The dishevelled, wild-eyed figure (with an unfortunate comb-over) is Dr. Zarkov, of course, and he's holding a gun. Fearing that Flash and Dale are spies sent out to thwart his plans, the distraught scientist forces them into his rocketship, determined to blast off in an attempt to deflect the onrushing planet from its course and save the Earth. However, as his rocketship approaches the new planet, Dr. Zarkov has a sudden change of heart. Fearing that they'll all be killed, he tries to swerve his rocket away from the oncoming planet. Flash, realizing that they are Earth's only hope, struggles with the mad scientist and knocks him unconscious. Roaring over a beautiful city on the surface of the new planet, the rocket crashlands on the side of a mountain, the force of the impact apparently being sufficient to jar the planet into a new orbit.

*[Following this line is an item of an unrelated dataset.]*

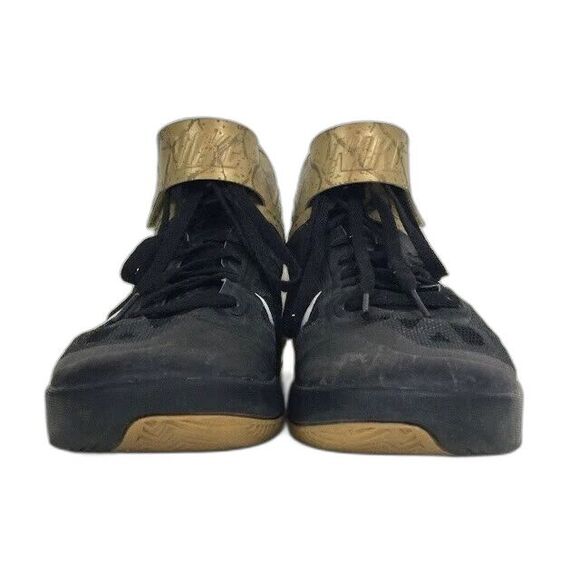 Nike Max Air Hyperfuse-Men's Size 9-Black/White/Gold Basketball Shoes 429545-011 - Picture 2 of 9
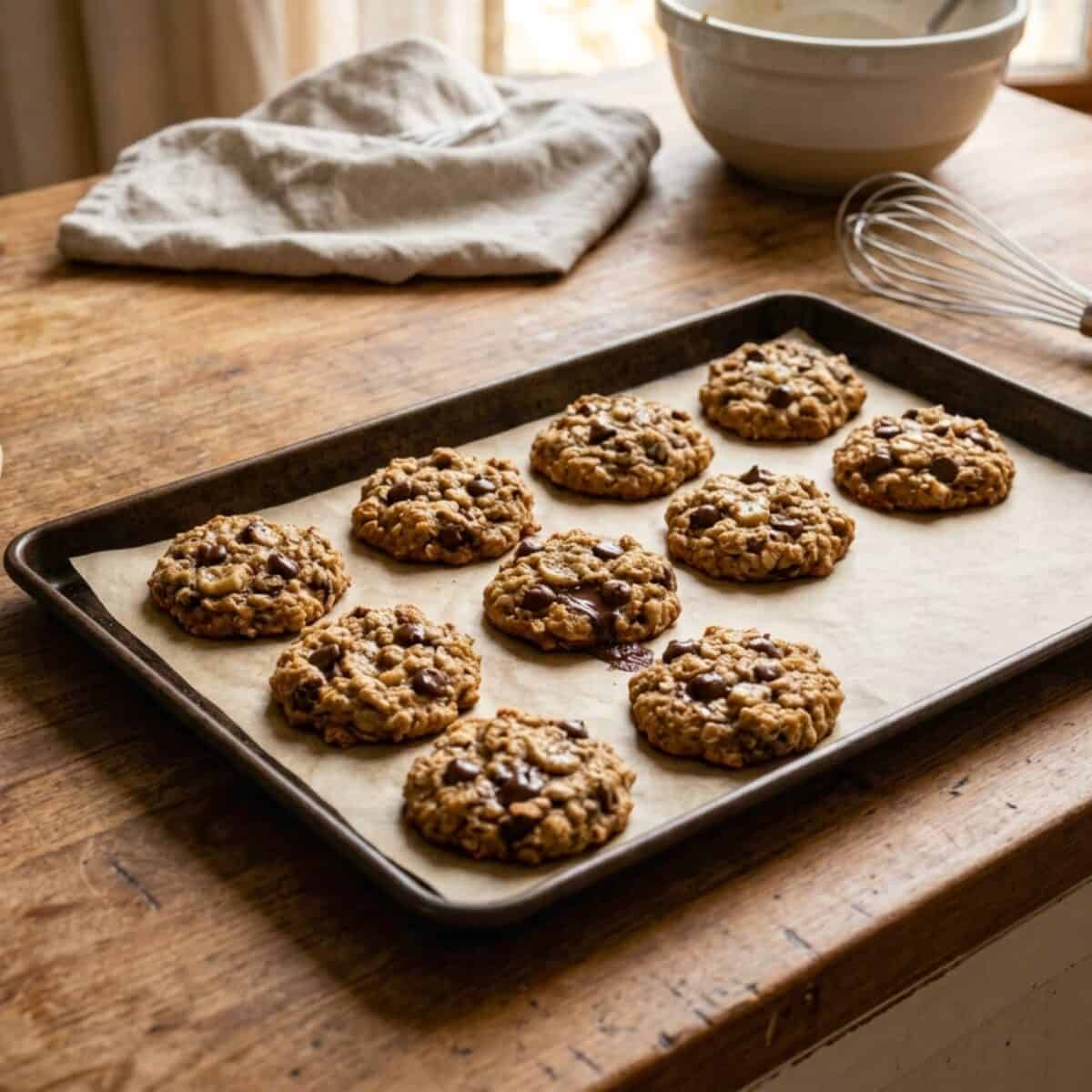 Banana Oat Chocolate Chip cookies on parchment line baking sheet.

On Mongo, for such is the name of the new planet, Flash Gordon, Dale Arden, and Dr. Zarkov come under the baleful influence of Ming the Merciless, Emperor of the Universe. In the course of their improbable and breathtaking adventures they meet Princess Aura, Ming's daughter, Prince Barin, the rightful ruler of Mongo, Thun, Prince of the Lion Men, Vultan, King of the Hawk Men, Azura, the Witch Queen of the Blue Magic Men, Fria, Queen of the frozen kingdom of Frigia, and countless other friends and enemies—all beautifully illustrated with the lush, sensuous artwork for which Alex Raymond is so justly remembered.

He continued working on the Flash Gordon Sunday strip until entering the Marine Corps in 1944. Austin Briggs, who had ghosted a few of Raymond's Sunday strips and had drawn the Flash Gordon daily strip since its inception in 1940, assumed duties on the Sunday strip with Raymond's departure. With Briggs' transfer to the Sunday strip, the dailies were abandoned and weren't revived until 1951, when Dan Barry began a new series of Flash Gordon dailies in a less romantic style with a radically altered continuity, assisted by writers and artists such as Harvey Kurtzman, Al Williamson (most notable for his excellent work in various Flash Gordon comic books), Frank Frazetta, Fred Kida, Bob Fujitani, and Harry Harrison. In 1948, Briggs abandoned the Sunday strip and it was continued by Mac Raboy until his death in 1967. With Raboy's death, Dan Barry and his various scriptwriters, ghost artists, and assistants assumed duties on the Sunday strip while continuing the dailies. Dan Barry quit the series in 1990, and the dailies and Sunday strips were taken over by Ralph Reese as artist, occasionally assisted by Gray Morrow, with scripts by Bruce Jones. In 1992 the art duties were farmed out to a studio in Buenos Aires, with writing by Kevin Van Hook and Thomas Warkentin. The dailies were dropped from syndication in 1993, and Jim Keefe took over as artist and writer of the Sunday strip in 1996, and continued up to 2003.